PROBLEM TO SOLVE
For every line below, set down an identical copy.

[Scraped caption text data]

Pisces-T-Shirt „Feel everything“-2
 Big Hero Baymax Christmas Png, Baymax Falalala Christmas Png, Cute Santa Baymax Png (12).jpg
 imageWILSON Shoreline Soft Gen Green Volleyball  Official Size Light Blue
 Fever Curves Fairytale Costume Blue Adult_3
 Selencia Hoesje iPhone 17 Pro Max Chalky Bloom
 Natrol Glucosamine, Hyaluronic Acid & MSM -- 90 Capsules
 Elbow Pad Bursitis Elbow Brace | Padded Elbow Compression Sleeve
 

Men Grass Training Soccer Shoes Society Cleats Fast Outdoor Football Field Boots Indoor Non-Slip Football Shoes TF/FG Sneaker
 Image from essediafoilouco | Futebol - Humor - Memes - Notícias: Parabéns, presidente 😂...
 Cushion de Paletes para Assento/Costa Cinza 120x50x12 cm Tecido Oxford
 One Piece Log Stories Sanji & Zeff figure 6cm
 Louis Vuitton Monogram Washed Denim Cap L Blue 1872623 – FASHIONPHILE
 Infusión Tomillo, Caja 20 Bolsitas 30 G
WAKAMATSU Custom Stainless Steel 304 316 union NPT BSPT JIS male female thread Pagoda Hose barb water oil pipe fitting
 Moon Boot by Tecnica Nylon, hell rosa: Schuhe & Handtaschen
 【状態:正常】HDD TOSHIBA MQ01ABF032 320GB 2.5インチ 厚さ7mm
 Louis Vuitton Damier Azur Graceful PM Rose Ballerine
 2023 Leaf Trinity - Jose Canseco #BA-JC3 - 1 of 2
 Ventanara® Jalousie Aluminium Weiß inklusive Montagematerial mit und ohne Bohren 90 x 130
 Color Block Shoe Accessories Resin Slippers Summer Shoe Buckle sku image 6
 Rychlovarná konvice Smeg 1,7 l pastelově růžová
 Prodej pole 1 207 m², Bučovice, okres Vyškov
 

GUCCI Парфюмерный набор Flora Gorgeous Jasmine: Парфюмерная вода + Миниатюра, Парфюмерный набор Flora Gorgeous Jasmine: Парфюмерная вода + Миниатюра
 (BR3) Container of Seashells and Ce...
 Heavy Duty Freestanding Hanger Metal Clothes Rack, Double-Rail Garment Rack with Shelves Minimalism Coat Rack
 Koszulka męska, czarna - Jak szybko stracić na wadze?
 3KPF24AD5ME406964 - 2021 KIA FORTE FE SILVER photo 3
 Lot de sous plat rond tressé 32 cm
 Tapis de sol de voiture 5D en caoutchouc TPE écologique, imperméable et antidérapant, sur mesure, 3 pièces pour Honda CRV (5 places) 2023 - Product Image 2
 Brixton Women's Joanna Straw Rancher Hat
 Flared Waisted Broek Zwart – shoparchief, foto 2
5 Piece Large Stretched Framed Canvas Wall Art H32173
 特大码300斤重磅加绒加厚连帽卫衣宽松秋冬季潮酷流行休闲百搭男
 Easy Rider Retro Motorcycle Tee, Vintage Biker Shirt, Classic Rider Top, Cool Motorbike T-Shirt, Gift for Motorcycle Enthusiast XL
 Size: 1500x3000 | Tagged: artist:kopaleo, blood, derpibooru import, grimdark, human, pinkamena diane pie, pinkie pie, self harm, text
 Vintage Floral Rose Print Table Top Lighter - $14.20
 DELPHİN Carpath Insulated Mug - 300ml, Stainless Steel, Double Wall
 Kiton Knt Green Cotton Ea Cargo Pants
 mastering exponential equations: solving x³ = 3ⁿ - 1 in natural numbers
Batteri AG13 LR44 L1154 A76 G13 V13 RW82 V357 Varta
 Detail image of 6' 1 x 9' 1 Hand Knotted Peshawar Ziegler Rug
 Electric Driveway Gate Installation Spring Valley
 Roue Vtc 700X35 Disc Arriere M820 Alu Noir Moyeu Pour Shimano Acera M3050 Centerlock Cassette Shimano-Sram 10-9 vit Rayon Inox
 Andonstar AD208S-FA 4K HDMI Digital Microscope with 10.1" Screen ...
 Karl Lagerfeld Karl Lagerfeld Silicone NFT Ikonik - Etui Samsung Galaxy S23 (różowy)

TASK RESULT
Pisces-T-Shirt „Feel everything“-2
 Big Hero Baymax Christmas Png, Baymax Falalala Christmas Png, Cute Santa Baymax Png (12).jpg
 imageWILSON Shoreline Soft Gen Green Volleyball  Official Size Light Blue
 Fever Curves Fairytale Costume Blue Adult_3
 Selencia Hoesje iPhone 17 Pro Max Chalky Bloom
 Natrol Glucosamine, Hyaluronic Acid & MSM -- 90 Capsules
 Elbow Pad Bursitis Elbow Brace | Padded Elbow Compression Sleeve
 

Men Grass Training Soccer Shoes Society Cleats Fast Outdoor Football Field Boots Indoor Non-Slip Football Shoes TF/FG Sneaker
 Image from essediafoilouco | Futebol - Humor - Memes - Notícias: Parabéns, presidente 😂...
 Cushion de Paletes para Assento/Costa Cinza 120x50x12 cm Tecido Oxford
 One Piece Log Stories Sanji & Zeff figure 6cm
 Louis Vuitton Monogram Washed Denim Cap L Blue 1872623 – FASHIONPHILE
 Infusión Tomillo, Caja 20 Bolsitas 30 G
WAKAMATSU Custom Stainless Steel 304 316 union NPT BSPT JIS male female thread Pagoda Hose barb water oil pipe fitting
 Moon Boot by Tecnica Nylon, hell rosa: Schuhe & Handtaschen
 【状態:正常】HDD TOSHIBA MQ01ABF032 320GB 2.5インチ 厚さ7mm
 Louis Vuitton Damier Azur Graceful PM Rose Ballerine
 2023 Leaf Trinity - Jose Canseco #BA-JC3 - 1 of 2
 Ventanara® Jalousie Aluminium Weiß inklusive Montagematerial mit und ohne Bohren 90 x 130
 Color Block Shoe Accessories Resin Slippers Summer Shoe Buckle sku image 6
 Rychlovarná konvice Smeg 1,7 l pastelově růžová
 Prodej pole 1 207 m², Bučovice, okres Vyškov
 

GUCCI Парфюмерный набор Flora Gorgeous Jasmine: Парфюмерная вода + Миниатюра, Парфюмерный набор Flora Gorgeous Jasmine: Парфюмерная вода + Миниатюра
 (BR3) Container of Seashells and Ce...
 Heavy Duty Freestanding Hanger Metal Clothes Rack, Double-Rail Garment Rack with Shelves Minimalism Coat Rack
 Koszulka męska, czarna - Jak szybko stracić na wadze?
 3KPF24AD5ME406964 - 2021 KIA FORTE FE SILVER photo 3
 Lot de sous plat rond tressé 32 cm
 Tapis de sol de voiture 5D en caoutchouc TPE écologique, imperméable et antidérapant, sur mesure, 3 pièces pour Honda CRV (5 places) 2023 - Product Image 2
 Brixton Women's Joanna Straw Rancher Hat
 Flared Waisted Broek Zwart – shoparchief, foto 2
5 Piece Large Stretched Framed Canvas Wall Art H32173
 特大码300斤重磅加绒加厚连帽卫衣宽松秋冬季潮酷流行休闲百搭男
 Easy Rider Retro Motorcycle Tee, Vintage Biker Shirt, Classic Rider Top, Cool Motorbike T-Shirt, Gift for Motorcycle Enthusiast XL
 Size: 1500x3000 | Tagged: artist:kopaleo, blood, derpibooru import, grimdark, human, pinkamena diane pie, pinkie pie, self harm, text
 Vintage Floral Rose Print Table Top Lighter - $14.20
 DELPHİN Carpath Insulated Mug - 300ml, Stainless Steel, Double Wall
 Kiton Knt Green Cotton Ea Cargo Pants
 mastering exponential equations: solving x³ = 3ⁿ - 1 in natural numbers
Batteri AG13 LR44 L1154 A76 G13 V13 RW82 V357 Varta
 Detail image of 6' 1 x 9' 1 Hand Knotted Peshawar Ziegler Rug
 Electric Driveway Gate Installation Spring Valley
 Roue Vtc 700X35 Disc Arriere M820 Alu Noir Moyeu Pour Shimano Acera M3050 Centerlock Cassette Shimano-Sram 10-9 vit Rayon Inox
 Andonstar AD208S-FA 4K HDMI Digital Microscope with 10.1" Screen ...
 Karl Lagerfeld Karl Lagerfeld Silicone NFT Ikonik - Etui Samsung Galaxy S23 (różowy)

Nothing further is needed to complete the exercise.